* _TASK DETAILS_
Your copy of the entries below should hold exactly the lines from the one containing "Goki Gymnastická stuha s hůlkou Duha" to the one containing "Ролики и веселая мартышка смотреть онлайн", inclusive, and no pictures.

* _INFORMATION PROVIDED_
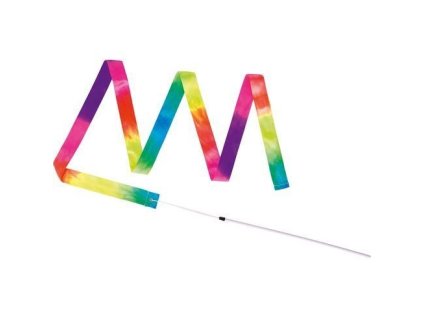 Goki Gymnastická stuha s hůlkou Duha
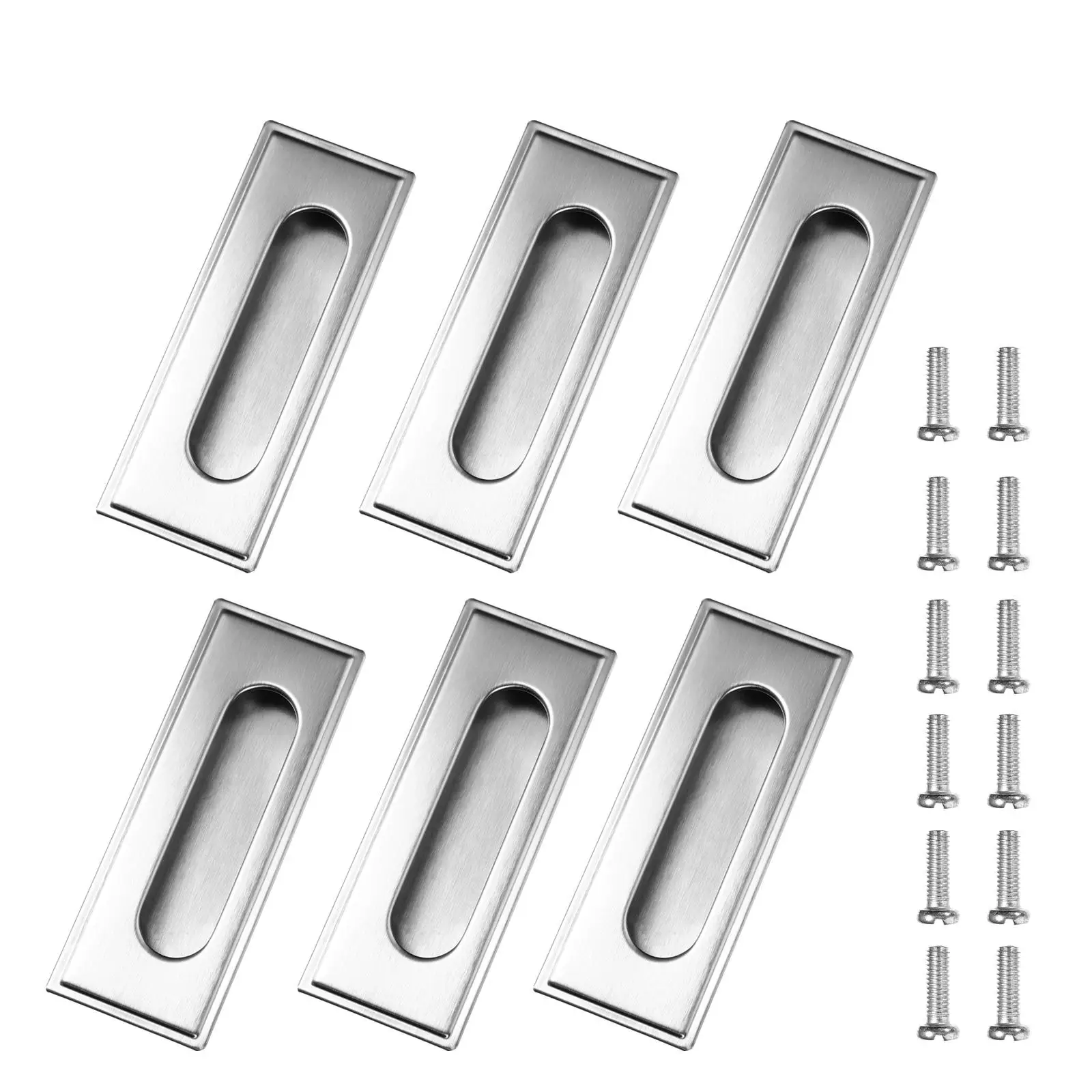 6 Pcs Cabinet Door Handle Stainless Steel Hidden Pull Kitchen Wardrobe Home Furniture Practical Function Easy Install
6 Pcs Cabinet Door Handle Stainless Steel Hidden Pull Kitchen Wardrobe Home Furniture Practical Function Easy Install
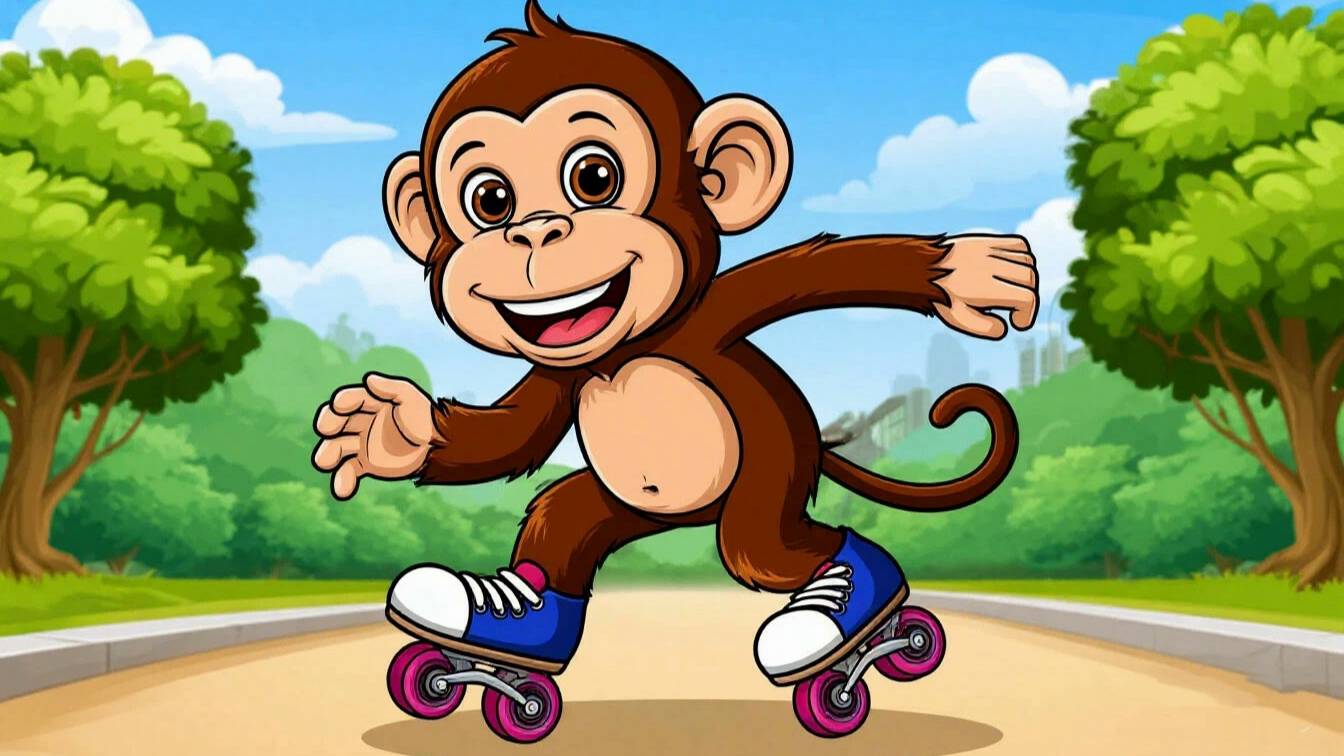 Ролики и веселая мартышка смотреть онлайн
==
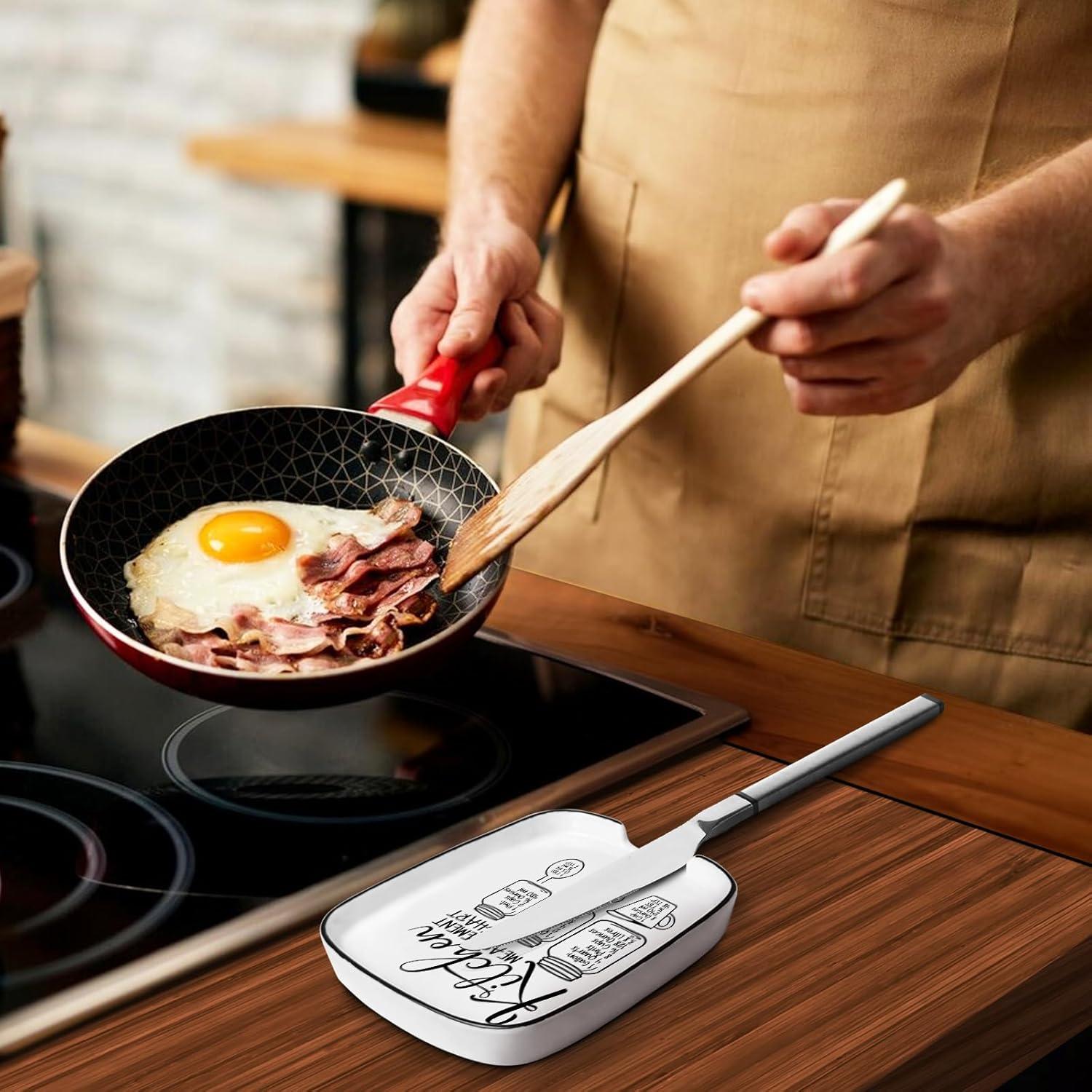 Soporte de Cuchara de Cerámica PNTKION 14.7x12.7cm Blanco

* _SOLUTION TO THIS TASK_
 Goki Gymnastická stuha s hůlkou Duha
 6 Pcs Cabinet Door Handle Stainless Steel Hidden Pull Kitchen Wardrobe Home Furniture Practical Function Easy Install
6 Pcs Cabinet Door Handle Stainless Steel Hidden Pull Kitchen Wardrobe Home Furniture Practical Function Easy Install
 Ролики и веселая мартышка смотреть онлайн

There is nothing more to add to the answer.